EXERCISE OBJECTIVE:
Word for word, copy the lines from the one with "Adaptador de poste" to the last line of the data below, counting both, and keep every picture out.

EXERCISE DATA:
|---|

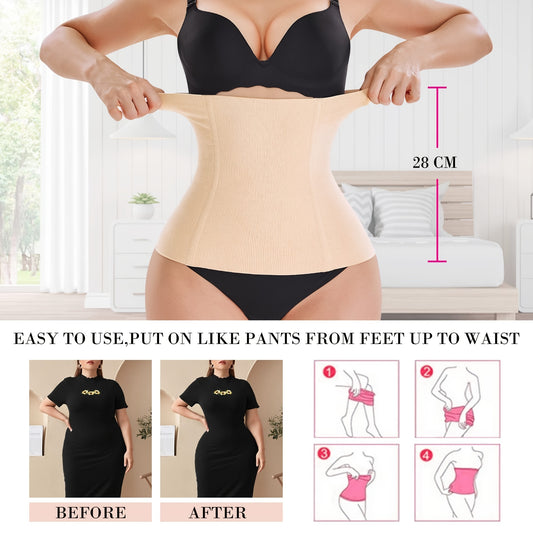 SCARBORO Waist Trainer Shapewear Tummy Control Waist Cincher Slim Body Shaper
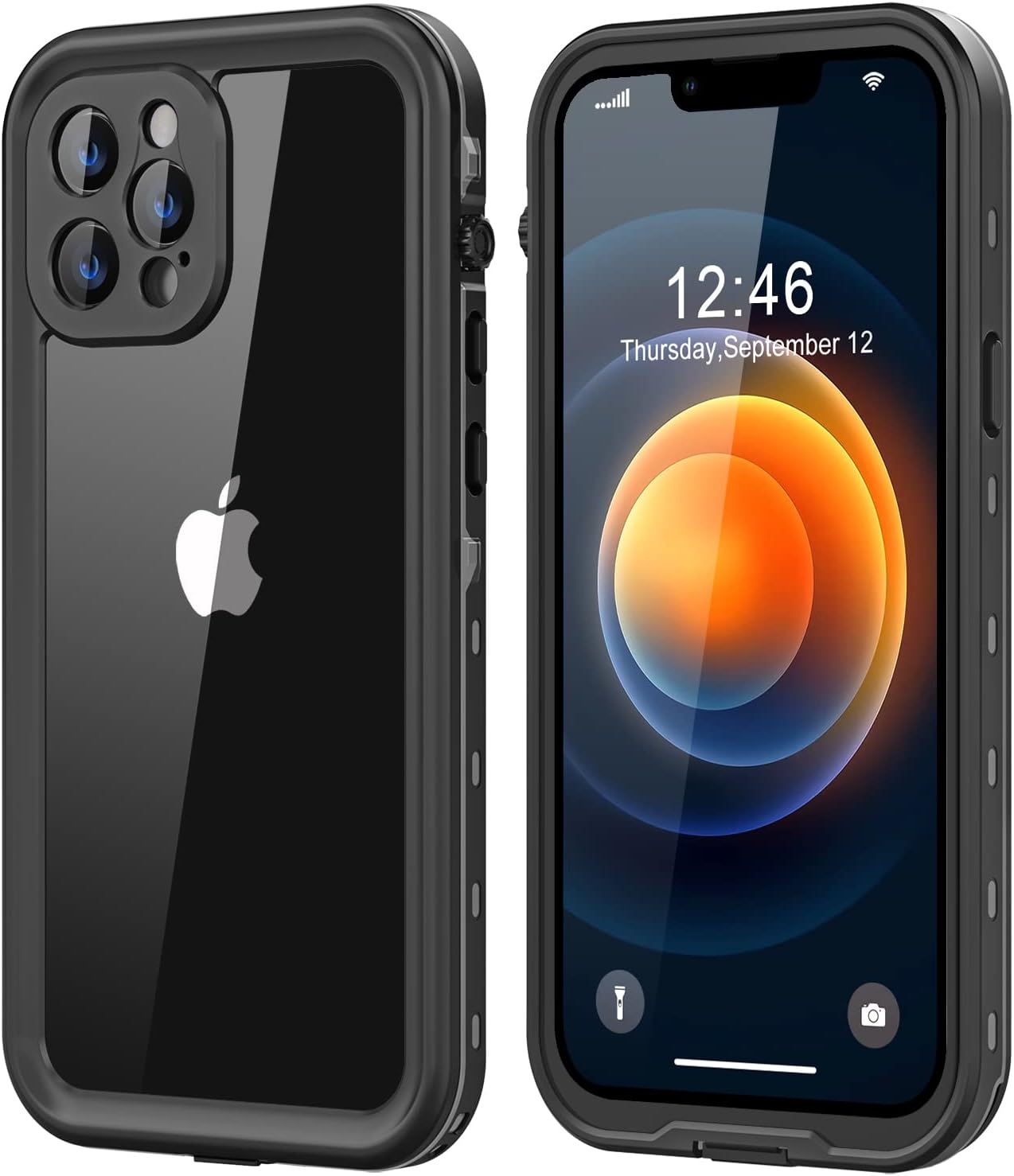 V957-AM0055K-202508201110-00 iPhone 12 Pro Waterproof Case - Image 1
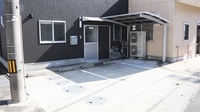 スマイル調剤薬局　北村店の駐車場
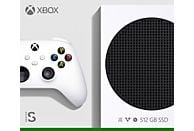 Consola Xbox Series S, 512 GB, Juego 100% digital, Blanco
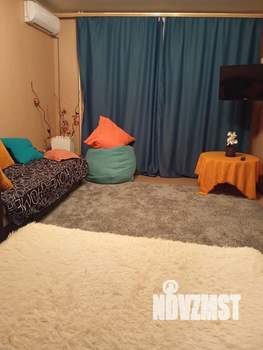 1-к квартира, посуточно, 38м2, 8/10 этаж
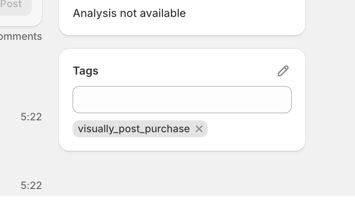 Tagging Post-Purchase orders on Shopify Admin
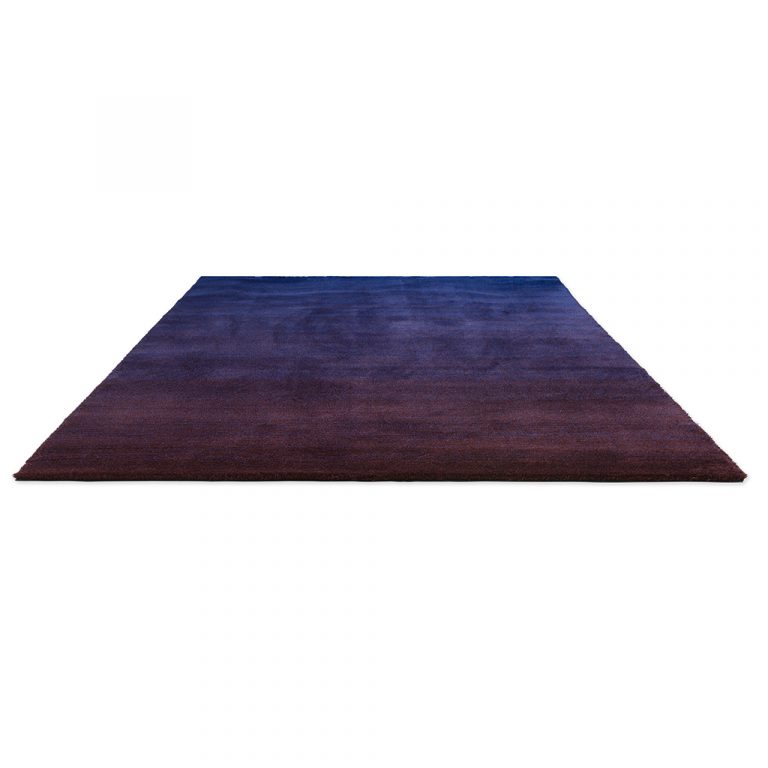 Ковёр Shade Low Electric Blue/Aubergine 010118 — Brink & Campman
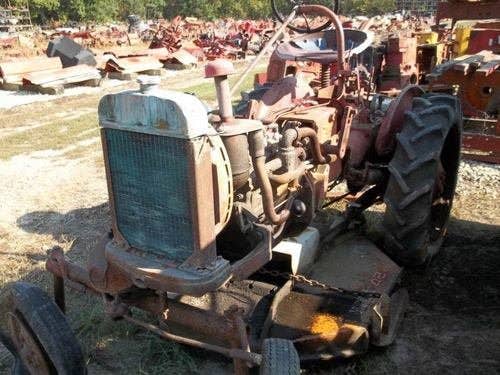 Used International Cub Tractor parts.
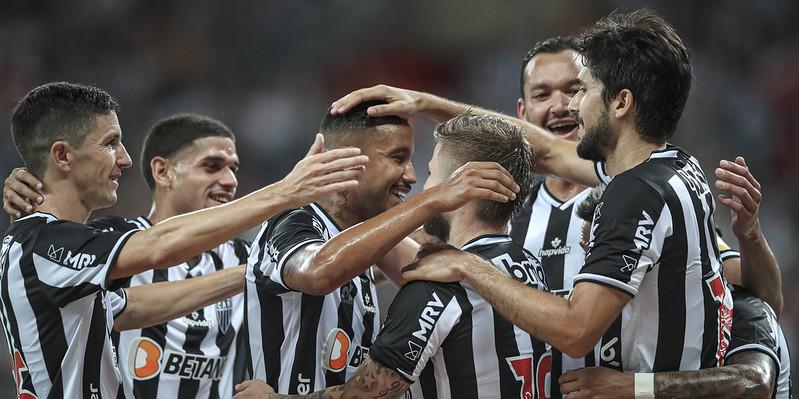 Vitória sobre a Caldense por 3 a 0 foi a 18ª consecutiva do Atlético em jogos no Mineirão (Pedro Souza / Atlético)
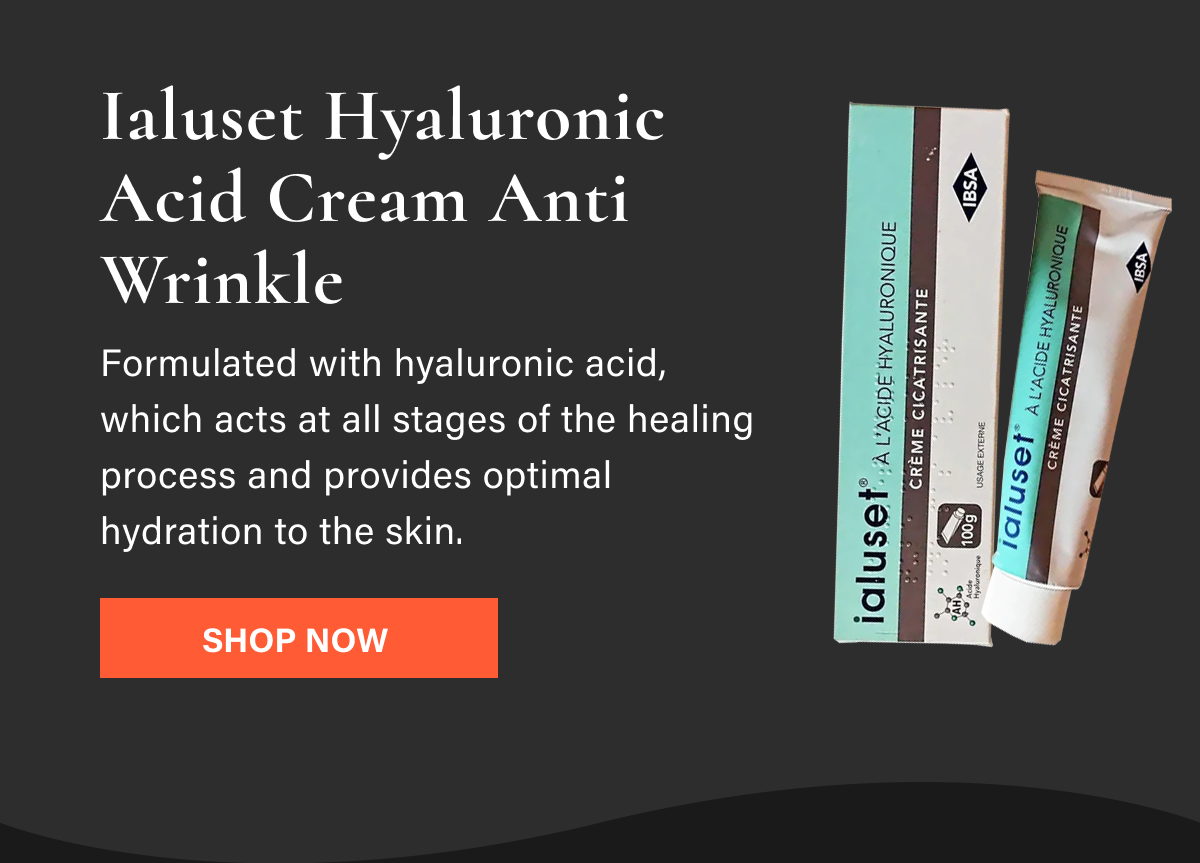 Ialuset Hyaluronic Acid Cream Anti Wrinkle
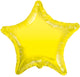 Baby Yellow Star 9″ Balloons (10 count) Requires Heat-sealing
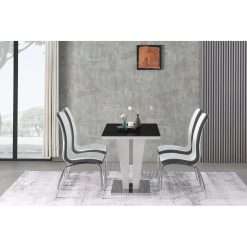 Chalen 4 - Person Dining Set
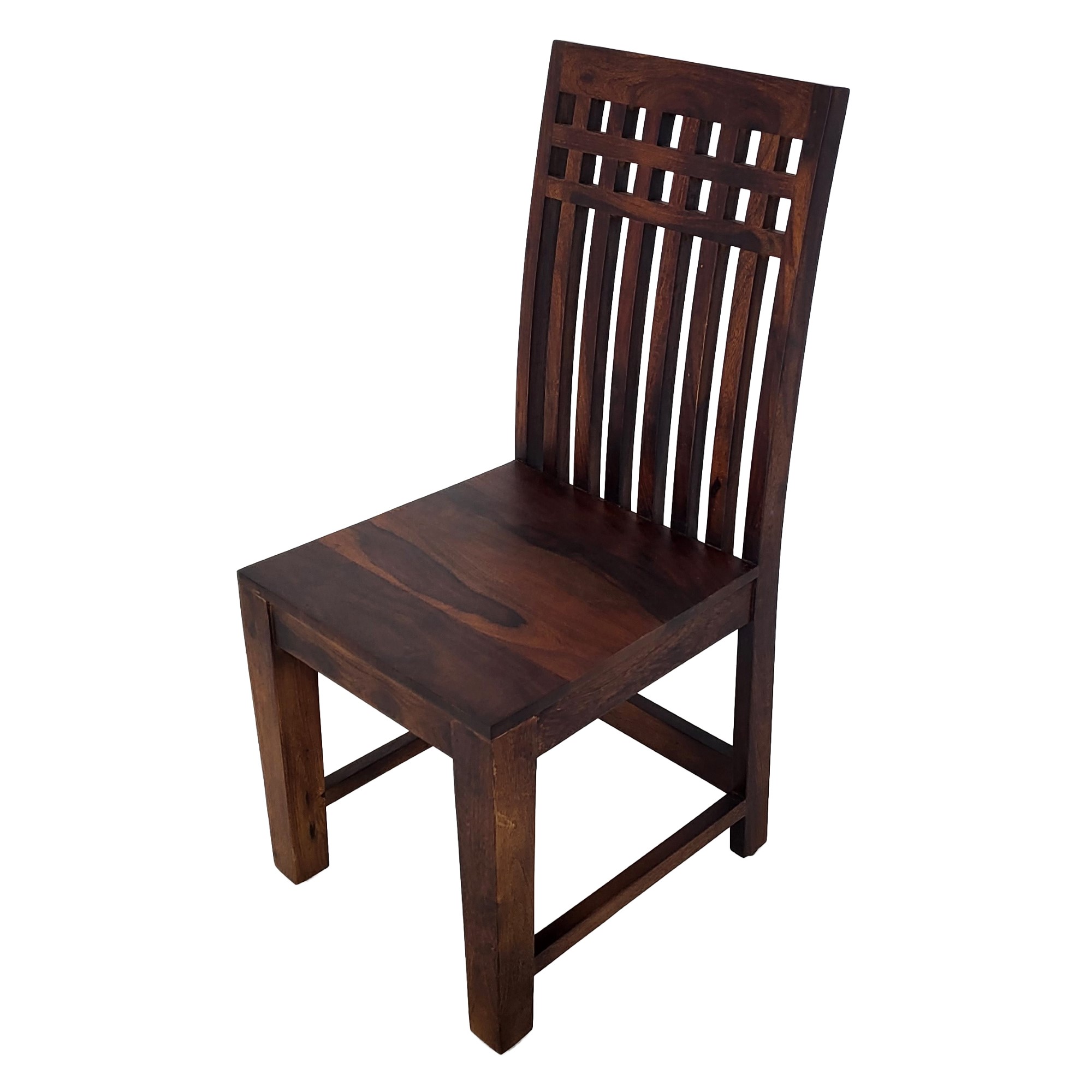 Hiresh Indyjskie krzesło z drewna palisander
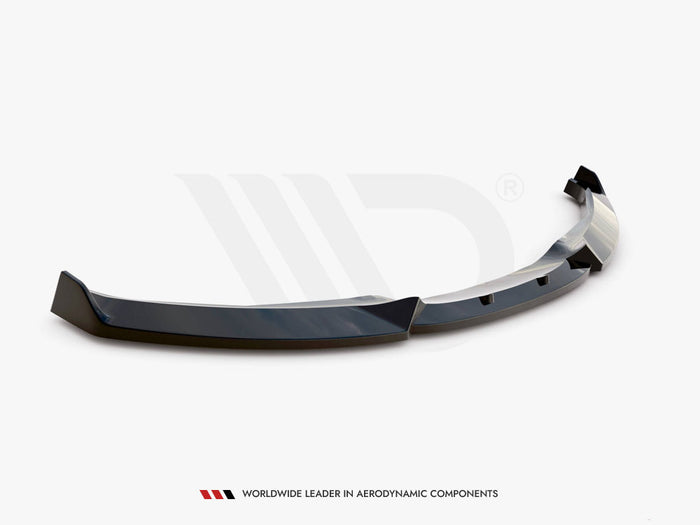 BMW 1 M-Pack E87 / E81 Facelift Front Splitter V.2 - Maxton Design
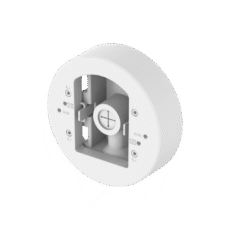 Adaptador de poste compatible con camaras tipo domo Hanwha / verificar compatibilidad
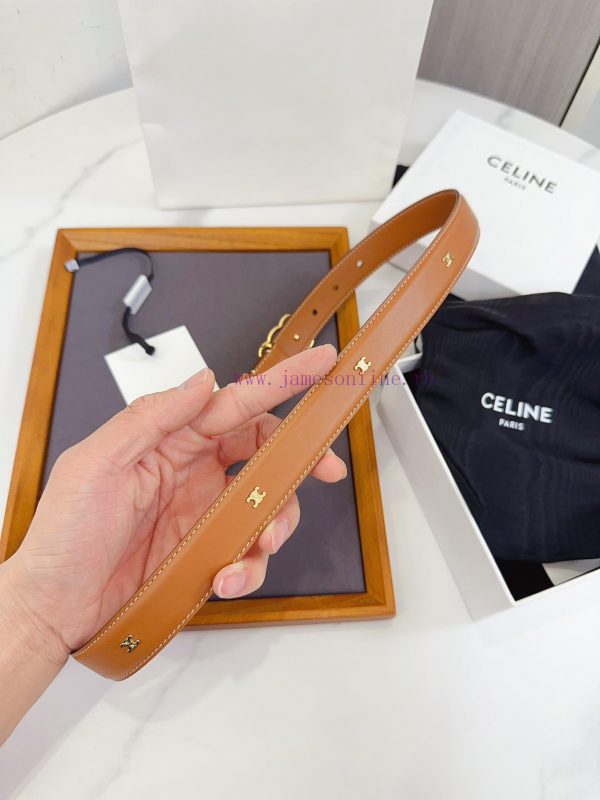Celine has upgraded its materials with genuine IP plated steel buckles measuring 2.5 centime 1l13pv9k - Image 8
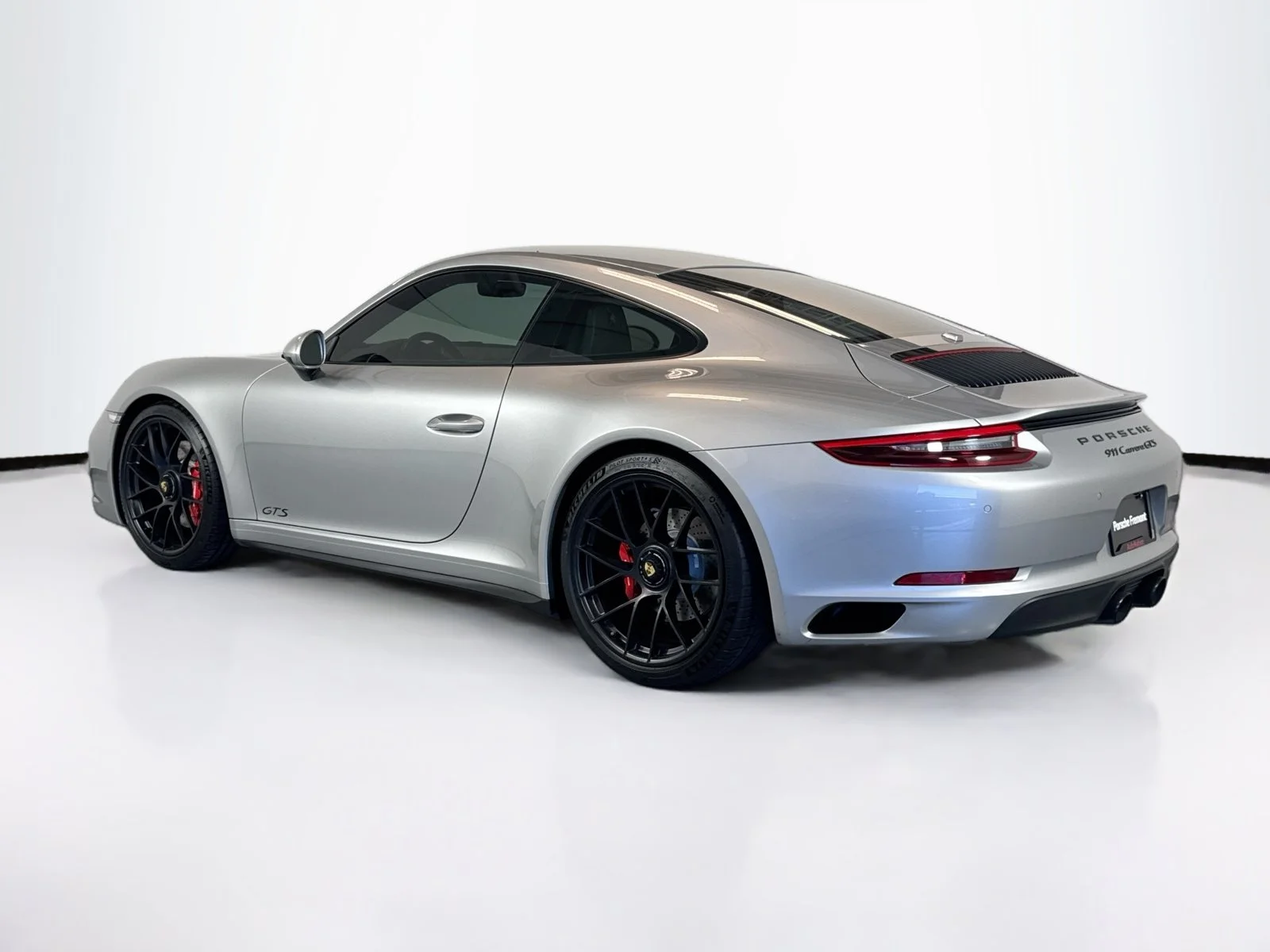 Certified Used 2017 Gt Silver Metallic Porsche Carrera GTS image 3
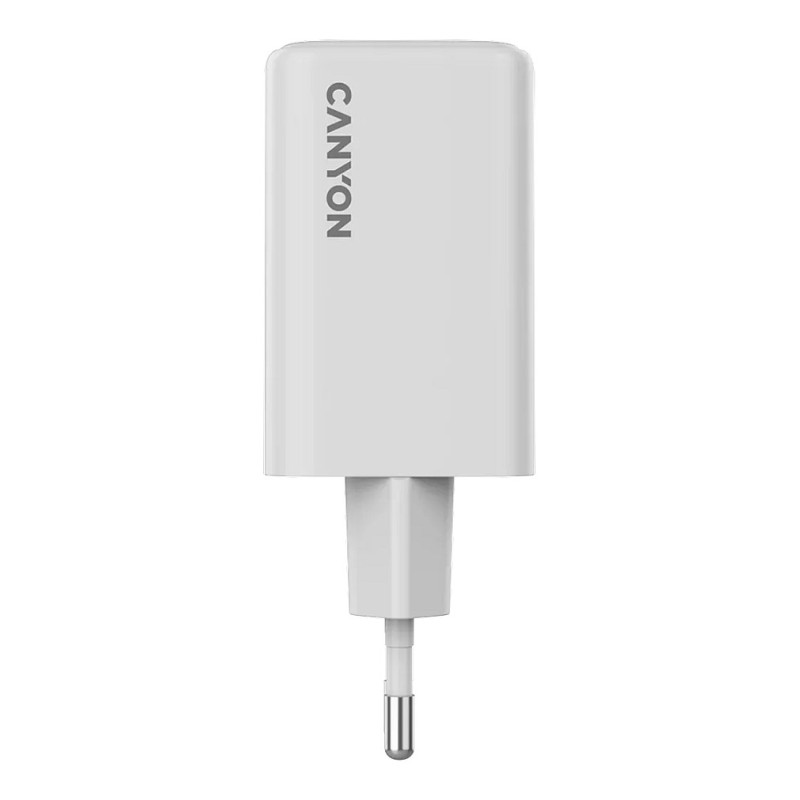Canyon Charger CU65ACC GaN 65W 2xPD 1xQC EU white — Buy in Cyprus with Fast Delivery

|---|

OUTPUT OF THE TASK:
 Adaptador de poste compatible con camaras tipo domo Hanwha / verificar compatibilidad
Celine has upgraded its materials with genuine IP plated steel buckles measuring 2.5 centime 1l13pv9k - Image 8
 Certified Used 2017 Gt Silver Metallic Porsche Carrera GTS image 3
Canyon Charger CU65ACC GaN 65W 2xPD 1xQC EU white — Buy in Cyprus with Fast Delivery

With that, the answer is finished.